Becoming a Star Medical Assistant
What we see in our medical assistants
Margaret Flinter, senior vice president and clinical director at CHC, Inc. shared we really see in all of our staff, particularly in medical assistants, an opportunity for this to become their chance to become an expert at their craft or technique. When you become a medical assistant through NIMAA you have this incredible opportunity to participate as part of a team to really learn what does the physician do, what does the nurse practitioner do, what does the dentist do? and so on. The medical assistant has an up-close and personal look at all of these professions.
A Day in the Life of a Medical Assistant
Have you ever wondered what it's like to be a medical assistant at a community health center? Meet Jennifer Deprey, a former NIMAA participant and current medical assistant. Watch below to learn more about what it's like to be a medical assistant!
What it's like being a medical assistant at a Community Health Center
Being a medical assistant at CHC is so much more than being a “traditional” MA. I use the word “traditional” to describe the role as most medical assisting schools teach it. I had the chance to be an MA right out of the traditional school setting and quickly realized it did not prepare me to be a CHC medical assistant. The traditional MA is the low man on the totem pole, given mostly clerical work. I realized I needed more, I wanted to help people. As a NIMAA student, with hands-on training from the beginning, I quickly realized that being a CHC MA is so much more.

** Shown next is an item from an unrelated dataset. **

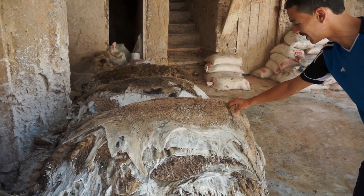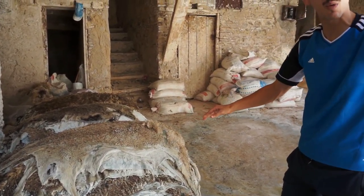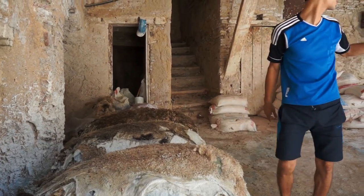Wool is easy for skin, I see that here, I don't have to worry. Let's go over how easy it is to take wool. Washing wool there.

Working as an MA is such a rewarding experience. I see all walks of life. I am fortunate to see something different every day. I get to see patients progress and express how thankful they are for the help. Working for primary care has opened my eyes to a lot. I'm not focused on one thing. From diabetes to heart disease, well child visits to adult physicals, mental health to pain management, new patients to the common cold, I have the opportunity to see it all.
The average day for a medical assistant
A summary of a day in the life of an MA at CHC is actually impossible. I’m faced with something different and something new every day! I care for and coach all my patients each day, and it can be for many different things.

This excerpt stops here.